Posted to users@cocoon.apache.org by Lars Huttar <la...@sil.org> on 2004/08/03 05:25:12 UTC

memory issues, SAX

Dear Cocoon gurus,              [Cocoon 2.1.2, Tomcat 4.1]

We have an application where we need to generate an index
from a large database. We seem to be running out of memory
even in getting the unprocessed out of the database.

We initially did (sitemap pseudocode)
  - xsp query to get rows from "Index" table of database
  - XSLT transformation that groups together rows with certain identical fields
  - XSLT transformation that wraps "source:write" markup around
    the XML
  - the write-source transformer to put the XML into a file
  - (serialize as XML)

This worked for small rowsets, but when we jump from 3700 to
9500 rows, it fails, with the message
org.apache.cocoon.ProcessingException: Exception in ServerPagesGenerator.generate():
java.lang.RuntimeException: org.apache.cocoon.ProcessingException: insertFragment: fragment is
required.

which sounds like write-source transformer is complaining that it didn't
get its "fragment" (data to write to the file), so I supposed
there was a failure before the write-source transformer.
I wondered if the XSLT transformations were each building
a DOM for the entire input. This would account for running out
of memory.

So I tried reducing the pipeline to just obtaining the data
and writing it to a file without grouping.
First I tried

  - xsp query to get rows from "Index" table of database
  - XSLT transformation that just wraps "source:write" markup around
    the XML
  - the write-source transformer to put the XML into a file

but this failed too, and of course it has an XSLT transformation
which is suspect -- is it building a DOM? So next I tried

  - file generator to get a file that contained a source:write
    wrapper around a cinclude statement
  - cinclude transformer to get the data
  - the write-source transformer to put the XML into a file

And in a separate pipeline called by the cinclude statement,

  - xsp query to get rows from "Index" table of database

But this still failed!

So now I'm wondering how it's possible to process big sets
of data at all in Cocoon. We thought SAX meant that the XML
data was sent piece-by-piece down the pipeline, serially,
so you didn't run out of memory when you had a big XML data
file. Does using XSLT mess that up by building DOMs?
What about cinclude?
What *can* you use to get lots of data from a database
and process it without having to have it all in memory
at once? Does this task need to be done outside of Cocoon?

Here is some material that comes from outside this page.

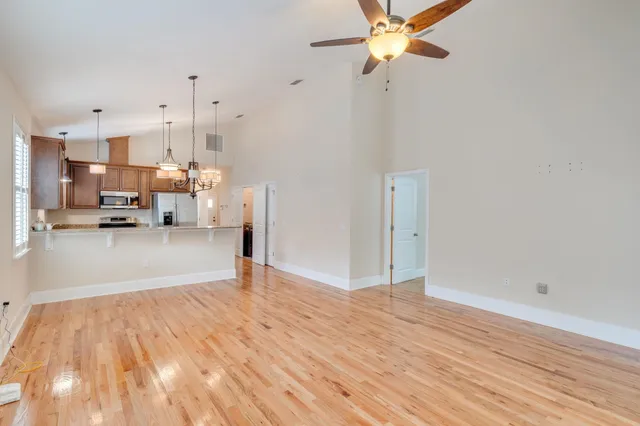 $320,000 | 1862 Sagebrook Drive, Tallahassee, FL 32303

Of course, we can split the operation up into little pieces;
but we don't want to go through that hassle if it's avoidable.

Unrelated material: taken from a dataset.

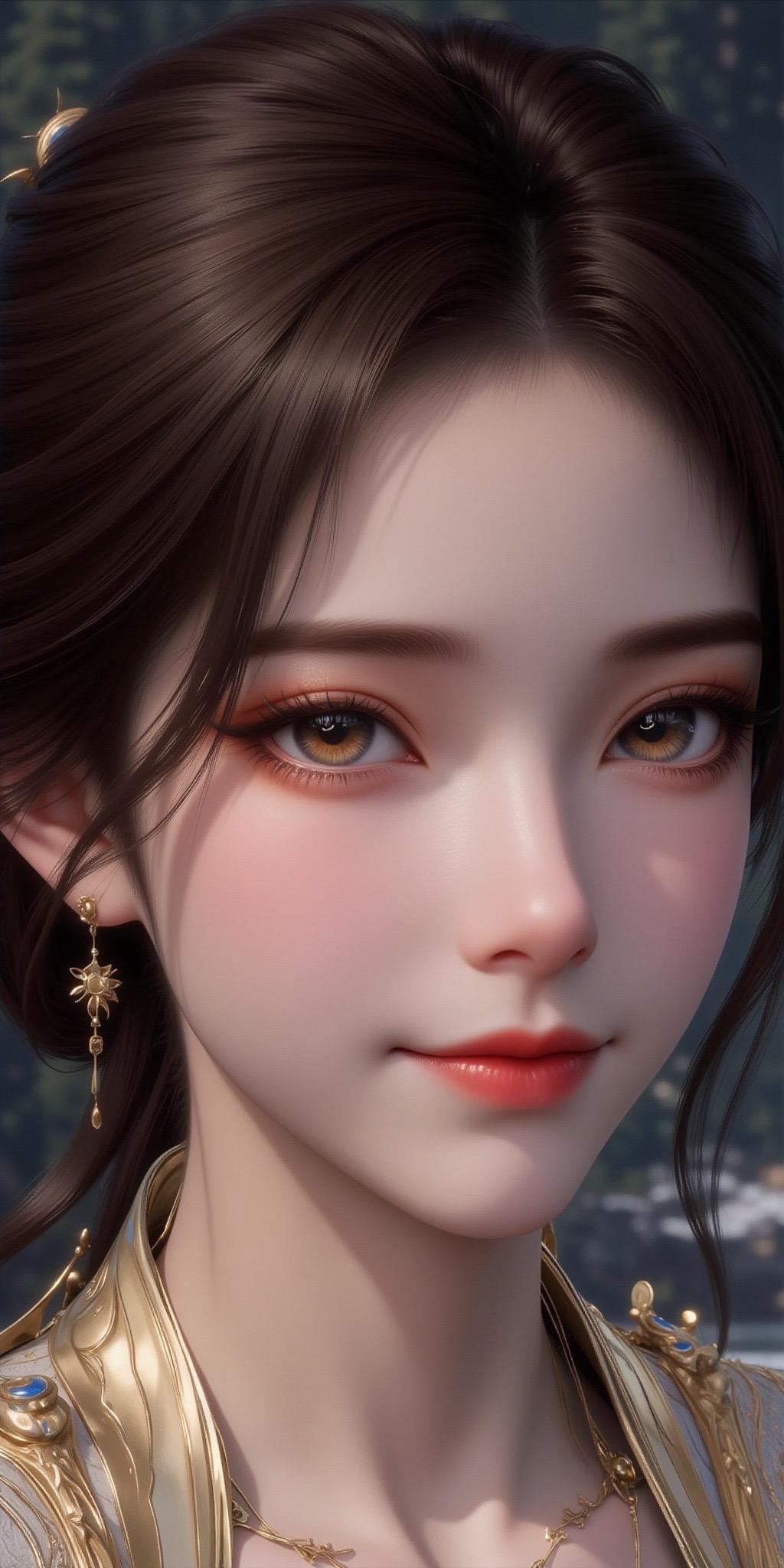 遮天#姚曦#现代装&斗破苍穹#曹颖&剑来#宁姚,第4张 遮天#姚曦#现代装&斗破苍穹#曹颖&剑来#宁姚,第4张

Is it possible that I'm missing the point completely and
there's something other than memory that's causing the
operation to fail?
By the way this machine has 384MB, and another I was testing
on had 512MB. They both failed at about the same point.

Thanks for any explanations or suggestions...
Lars


---------------------------------------------------------------------
To unsubscribe, e-mail: users-unsubscribe@cocoon.apache.org
For additional commands, e-mail: users-help@cocoon.apache.org


Re: memory issues, SAX

Posted by Bruno Dumon <br...@outerthought.org>.
Lars,

are you aware that the Java VM doesn't automatically use all available
memory? IIRC on Windows by default it uses maximum 64 MB. You can
augment that by adding a parameter like -Xmx192m to the java startup
command. If you search the cocoon wiki or the internet you'll find
plenty of information on that.

As for the XSLT transforms: yes, these build a complete model of your
document in memory before doing the transform, though it's an optimized
model that should be much smaller then a typical DOM. From your earlier
non-updateable-dom problems, I'd assume that the
SourceWritingTransformer also builds a DOM in memory. By default the
serialized output of a pipeline is also completely buffered before
sending it to the client, see the explanation for "outputBufferSize" in
the default root sitemap on how to avoid that.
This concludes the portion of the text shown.